Message par jocarelo le Lun 06 Fév 2012, 12:12

Rory Gallagher: He Lived, Loved, and Died with the Blues

- by PATRICK KENNEDY

"Worldwide his albums have sold millions and his concerts have gone into the pantheon of rock history. Rory Gallagher was born in Ballyshannon, Co. Donegal, on March 2, 1948, and moved with his family to Cork when he was still a child. His brother Donal can remember him tuning into American radio stations to search out blues music when he was aged just six. He recalls: "My father was a musician and when Rory asked for a guitar my parents sent off for one through a catalogue and received what was almost a toy guitar, but Rory at the age of eight was able to pick out chords on it.

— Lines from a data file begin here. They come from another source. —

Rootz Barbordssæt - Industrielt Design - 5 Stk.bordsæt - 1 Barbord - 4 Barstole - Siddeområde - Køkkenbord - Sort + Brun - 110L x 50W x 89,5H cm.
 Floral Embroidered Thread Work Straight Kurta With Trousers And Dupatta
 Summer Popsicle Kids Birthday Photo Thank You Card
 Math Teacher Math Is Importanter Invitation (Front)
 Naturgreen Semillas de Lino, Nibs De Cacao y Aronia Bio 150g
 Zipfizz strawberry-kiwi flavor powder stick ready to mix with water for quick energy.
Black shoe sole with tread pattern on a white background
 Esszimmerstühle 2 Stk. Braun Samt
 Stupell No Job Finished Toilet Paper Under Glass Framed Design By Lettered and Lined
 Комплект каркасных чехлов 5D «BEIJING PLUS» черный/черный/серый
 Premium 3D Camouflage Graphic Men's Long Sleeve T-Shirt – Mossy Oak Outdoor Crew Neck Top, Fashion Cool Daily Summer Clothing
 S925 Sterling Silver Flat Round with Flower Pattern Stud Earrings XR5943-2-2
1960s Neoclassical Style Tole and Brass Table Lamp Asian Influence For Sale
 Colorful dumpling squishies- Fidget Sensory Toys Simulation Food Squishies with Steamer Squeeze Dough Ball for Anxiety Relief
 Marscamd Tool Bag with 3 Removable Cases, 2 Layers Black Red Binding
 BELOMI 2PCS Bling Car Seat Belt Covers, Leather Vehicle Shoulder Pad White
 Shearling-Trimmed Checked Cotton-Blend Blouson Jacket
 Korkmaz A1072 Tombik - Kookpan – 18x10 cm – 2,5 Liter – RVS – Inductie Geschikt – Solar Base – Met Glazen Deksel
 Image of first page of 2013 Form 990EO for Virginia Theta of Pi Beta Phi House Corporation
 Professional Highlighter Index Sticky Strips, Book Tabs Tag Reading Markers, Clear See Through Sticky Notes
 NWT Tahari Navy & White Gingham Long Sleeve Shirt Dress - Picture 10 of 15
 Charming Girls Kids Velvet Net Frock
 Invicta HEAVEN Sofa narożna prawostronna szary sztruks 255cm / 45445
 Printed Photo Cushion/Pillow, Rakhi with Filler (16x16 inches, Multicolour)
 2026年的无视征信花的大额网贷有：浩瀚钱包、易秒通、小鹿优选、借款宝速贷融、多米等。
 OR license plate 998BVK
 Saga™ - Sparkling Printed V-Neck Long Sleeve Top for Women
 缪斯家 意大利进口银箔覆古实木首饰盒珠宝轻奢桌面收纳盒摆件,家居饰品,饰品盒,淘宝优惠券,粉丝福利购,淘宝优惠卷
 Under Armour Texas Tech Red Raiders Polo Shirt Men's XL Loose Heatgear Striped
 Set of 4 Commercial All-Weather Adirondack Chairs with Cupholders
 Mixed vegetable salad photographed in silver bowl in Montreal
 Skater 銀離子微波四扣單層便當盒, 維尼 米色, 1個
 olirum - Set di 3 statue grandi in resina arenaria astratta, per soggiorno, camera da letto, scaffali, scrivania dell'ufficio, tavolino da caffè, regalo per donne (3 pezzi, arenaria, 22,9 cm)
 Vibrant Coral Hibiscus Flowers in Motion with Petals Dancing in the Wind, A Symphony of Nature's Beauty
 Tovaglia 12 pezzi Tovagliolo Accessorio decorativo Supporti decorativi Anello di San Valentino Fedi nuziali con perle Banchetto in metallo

Later, when we moved to Cork he got a proper acoustic guitar and then an electric one.”

Rory’s first attempts at a band were with school friends, with whom he played in local concert halls. He joined The Fontana Showband at only 15 years of age, which was unheard of at the time. Showbands dominated the Irish music scene in the 1960s and Rory simply loved to play. Rory reformed the band into a beat group called The Impact. While in London heading for Hamburg that band split, and with the remnants - the drummer and the bass player - Rory formed a three-piece called Together and fulfilled the engagement.

In those days Hamburg had an interesting pop culture. The centre was the Star Club where the Beatles earned their experience as a live band. The owner contracted English bands who played for a nickel and turned the place upside down. Strange thing was that the owner was only interested in bands with at least four members. In the summer 1965, Rory's trio tried out in Hamburg. When they arrived in the port city and the Star Club owner asked where the fourth member was, Rory said, "Oh, the piano player got sick, he couldn't come."

When he returned to Cork, Rory stuck to the three-piece format and formed his first power blues trio, Taste, in 1966. Once Taste had established its Cork credentials, Rory relocated the band's base to Belfast in 1967. This city was to act as a springboard for an assault on the London club scene before both Cream and the Jimi Hendrix Experience.

Ireland has a unique place in the Gallagher legend. During the rhythm-and-blues explosion of the mid-1960s Rory and his band Taste lived in Ireland and refined their sound before going on to take Europe by storm. Taste went through a number of line-ups before settling on that of Gallagher on guitar and vocals. After a recording try-out for Polydor records, Rory was obliged to bring in a new rhythm section, with John Wilson (drums, ex-Them) and Richard McCracken (bass). This line up of Taste recorded two studio albums "Taste" and "On the Boards" (both made the Billboard charts).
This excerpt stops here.